- _EXERCISE_
Every entry below should appear in the answer exactly as written, apart from the pictures.

- _GIVEN INFORMATION_
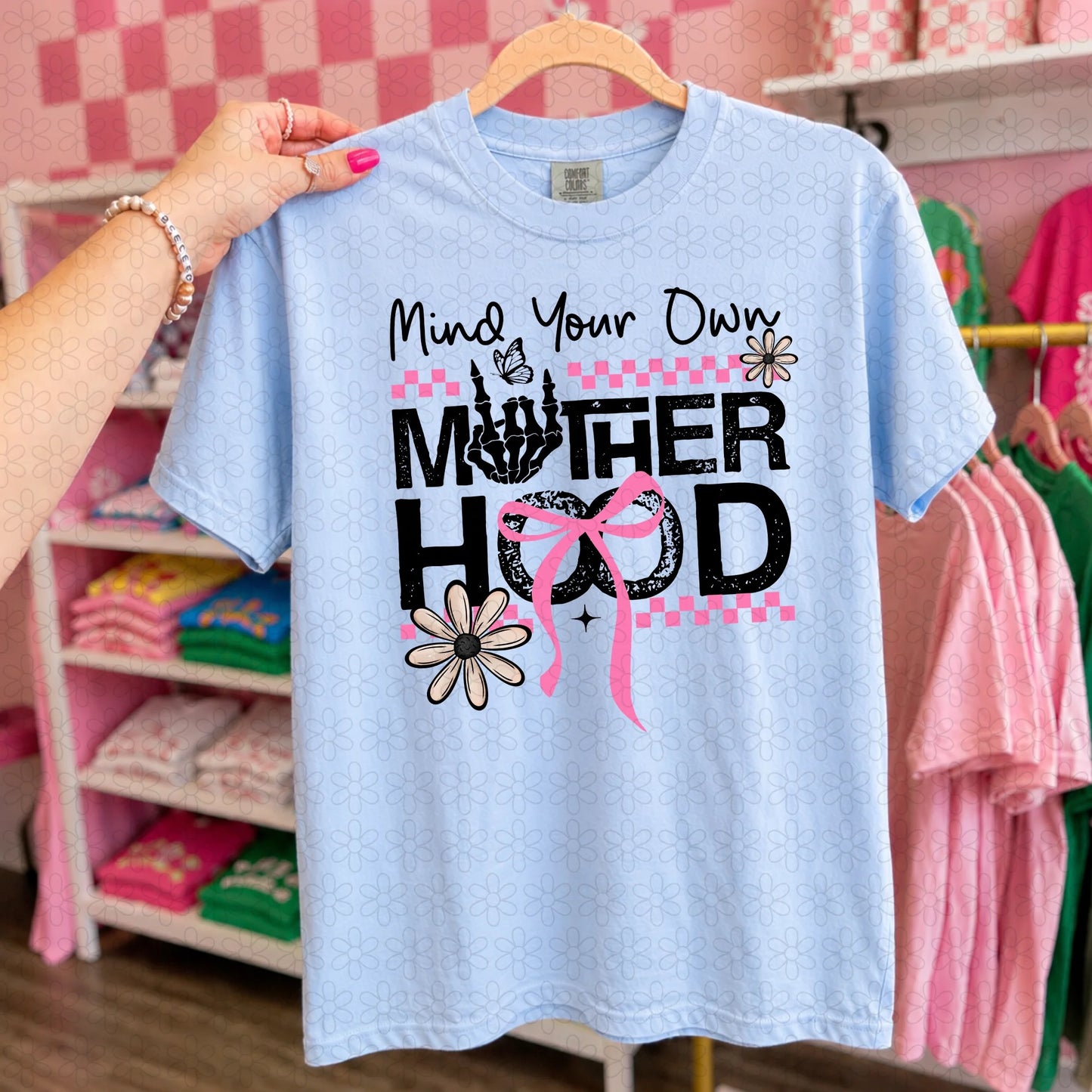 Mind Your Own Motherhood
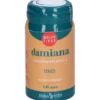 Integratore Damiana 60 capsule, azione tonica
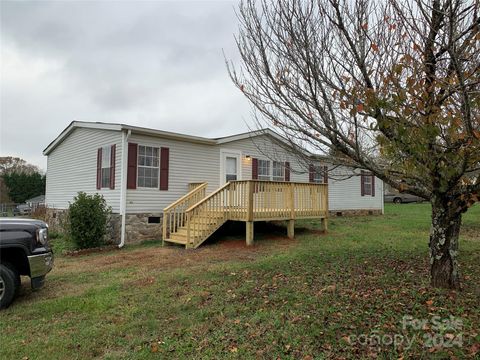 A home in Cherryville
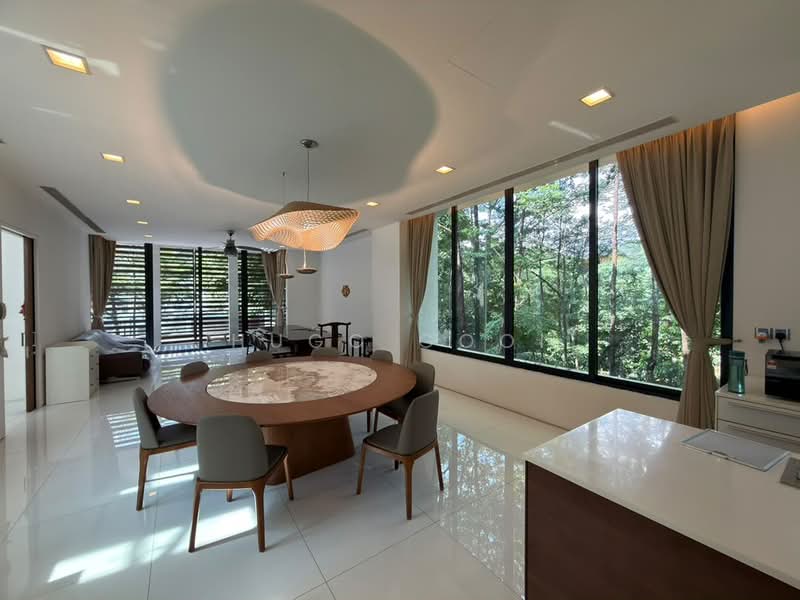 Bungalow for Rent in Seputeh (Kuala Lumpur) - Hugo Gooi - Dining Room - PropertyGuru.com.my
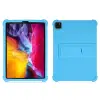 ALLY iPad Air 10.9 İnç Standlı Silikon Kılıf 20202022-(5775)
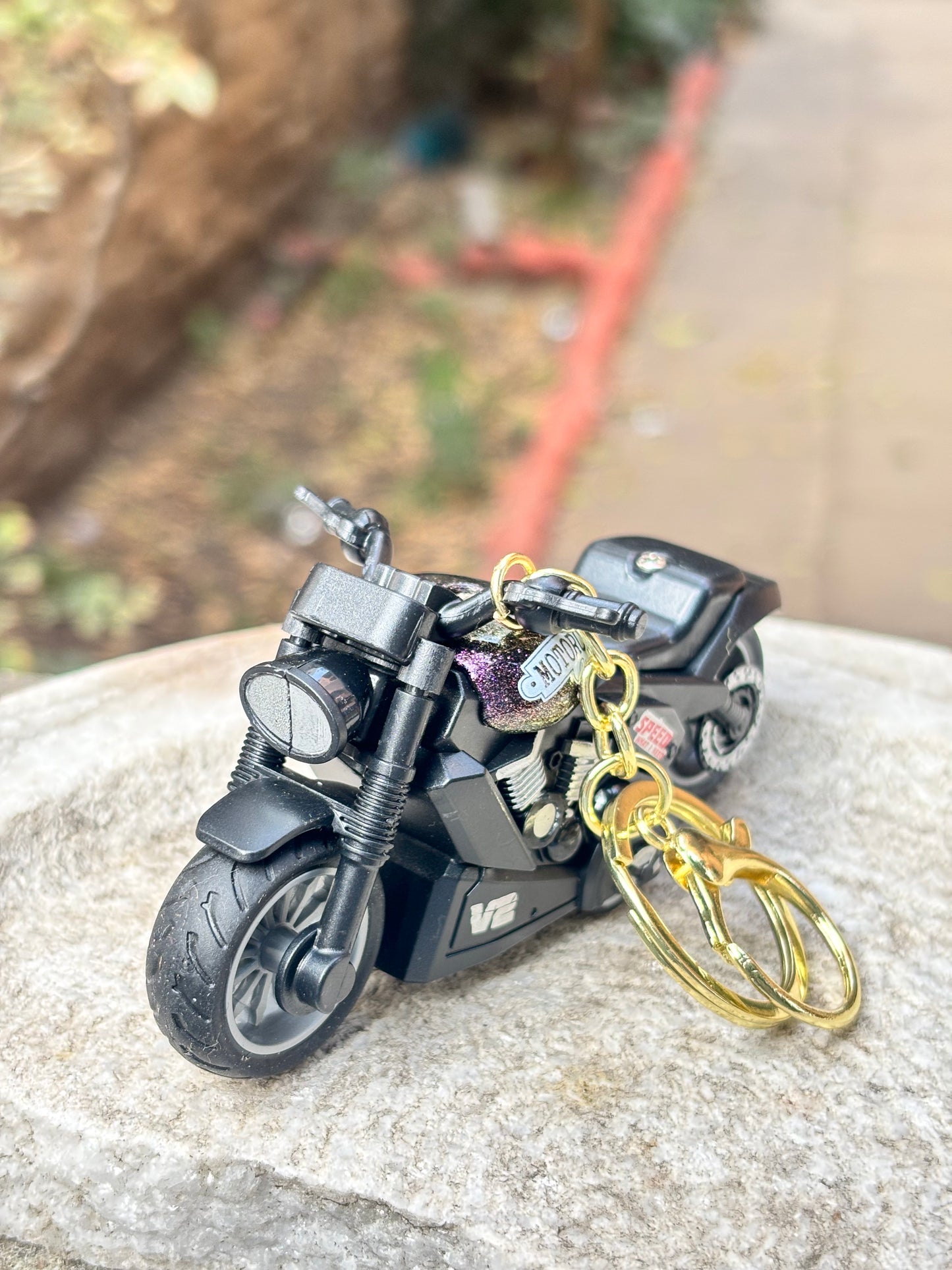 Keychain | Rider Motorcyle
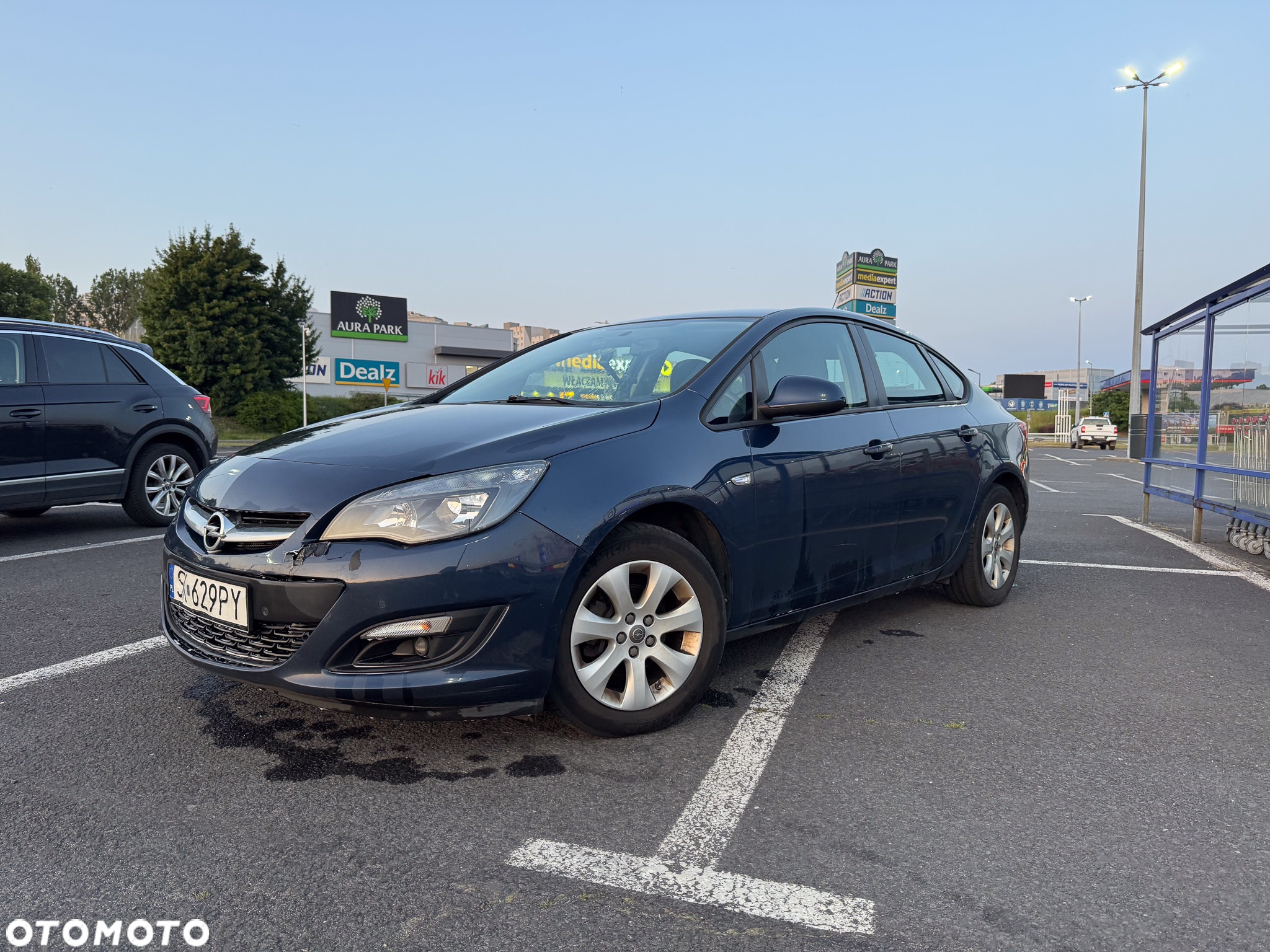 Opel Astra IV 1.6 Active - 2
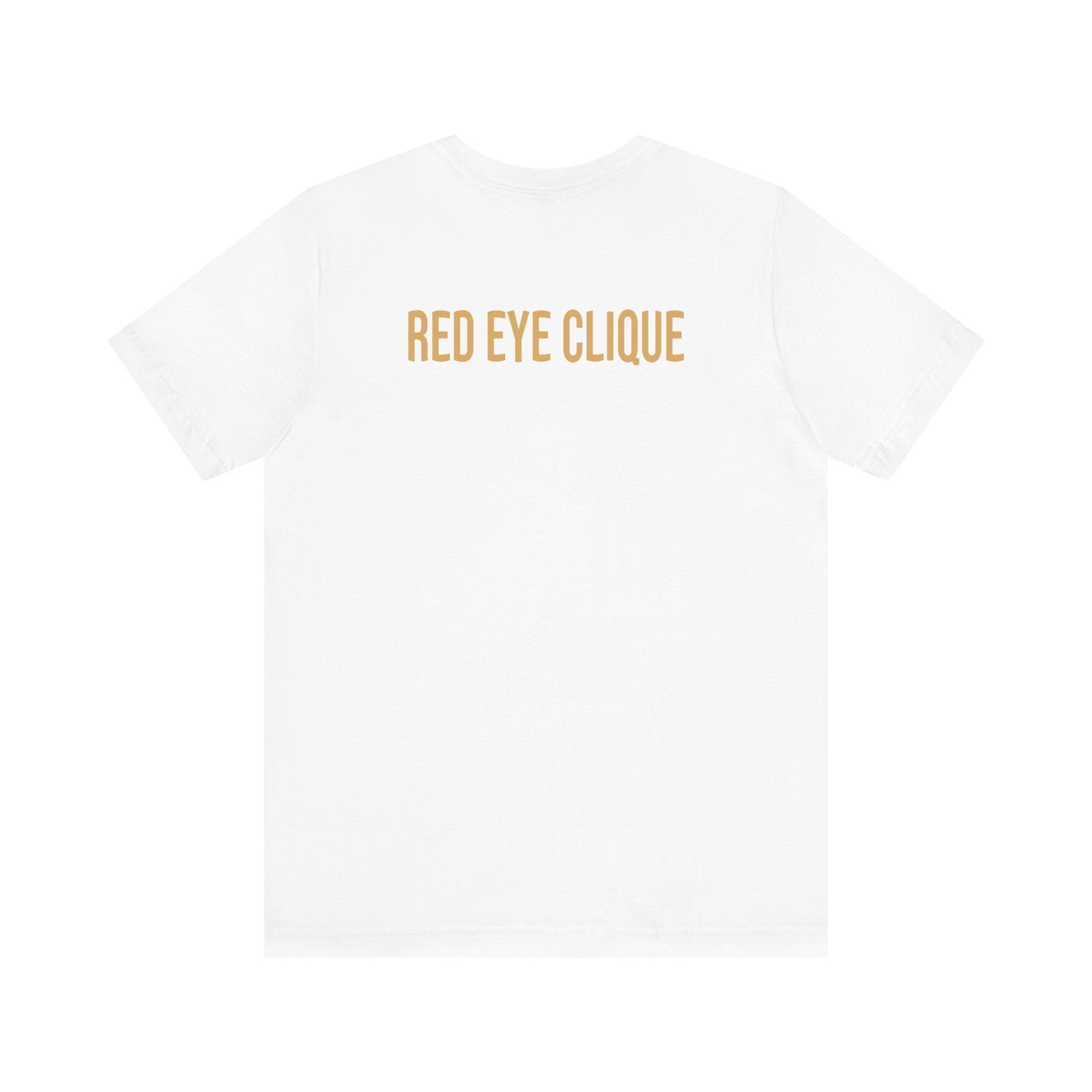 "BST Passion" Jersey Short Sleeve Tee - Red eYe Clique HQ
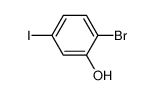 932372-99-1 structure, C6H4BrIO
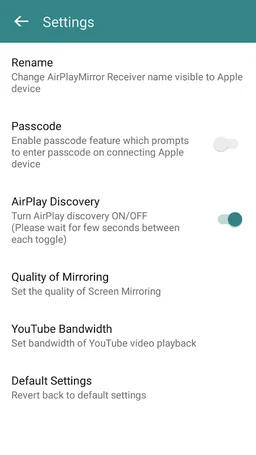 AirPlayMirror (Demo) screenshot 7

- _SOLUTION BELOW_
 Mind Your Own Motherhood
 Integratore Damiana 60 capsule, azione tonica
 A home in Cherryville
 Bungalow for Rent in Seputeh (Kuala Lumpur) - Hugo Gooi - Dining Room - PropertyGuru.com.my
 ALLY iPad Air 10.9 İnç Standlı Silikon Kılıf 20202022-(5775)
 Keychain | Rider Motorcyle
 Opel Astra IV 1.6 Active - 2
 "BST Passion" Jersey Short Sleeve Tee - Red eYe Clique HQ
 932372-99-1 structure, C6H4BrIO
 AirPlayMirror (Demo) screenshot 7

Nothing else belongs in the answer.